Image-text web data
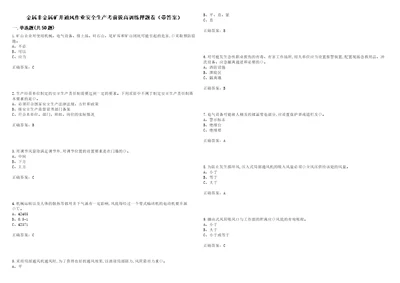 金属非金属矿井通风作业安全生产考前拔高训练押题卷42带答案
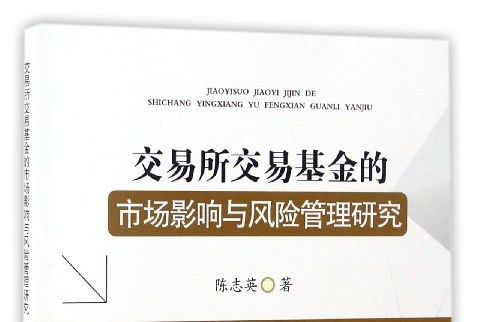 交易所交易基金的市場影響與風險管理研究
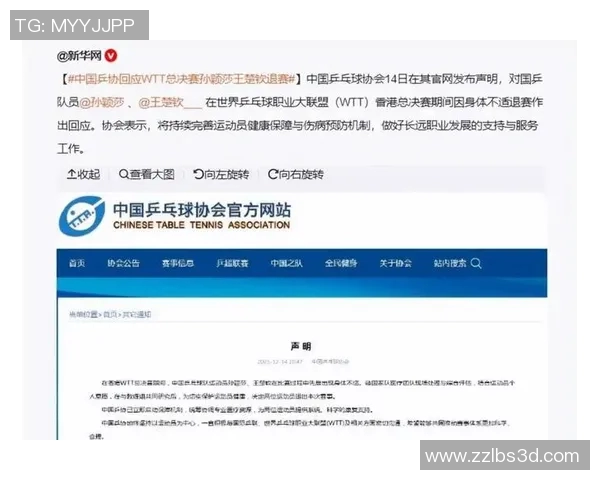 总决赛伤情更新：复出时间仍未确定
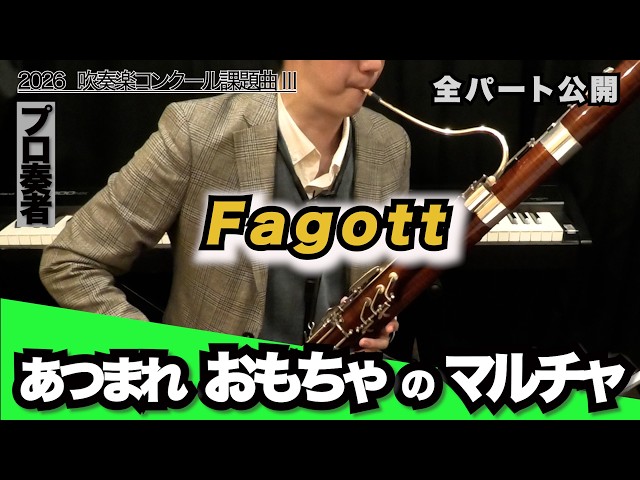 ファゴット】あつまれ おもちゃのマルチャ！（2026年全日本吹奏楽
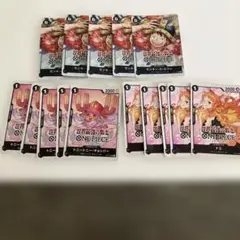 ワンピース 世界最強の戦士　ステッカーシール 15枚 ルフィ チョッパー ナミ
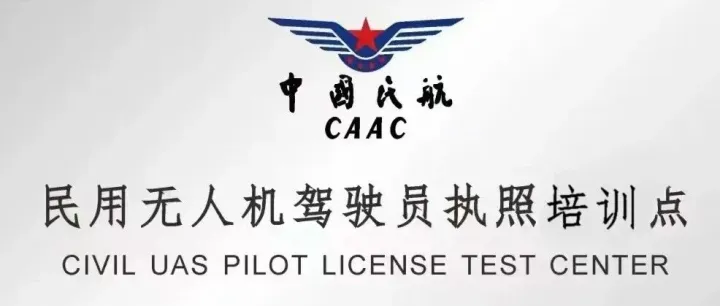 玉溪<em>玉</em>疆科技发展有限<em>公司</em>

* **WHAT TO DO**
Exact copy required, pictures excluded: the lines from the one holding "总决赛伤情更新：复出时间仍未确定" through the last line of the data, both ends included.

* **ANSWER SPACE**
 总决赛伤情更新：复出时间仍未确定
 ファゴット】あつまれ おもちゃのマルチャ！（2026年全日本吹奏楽
 ワンピース 世界最強の戦士　ステッカーシール 15枚 ルフィ チョッパー ナミ
 玉溪<em>玉</em>疆科技发展有限<em>公司</em>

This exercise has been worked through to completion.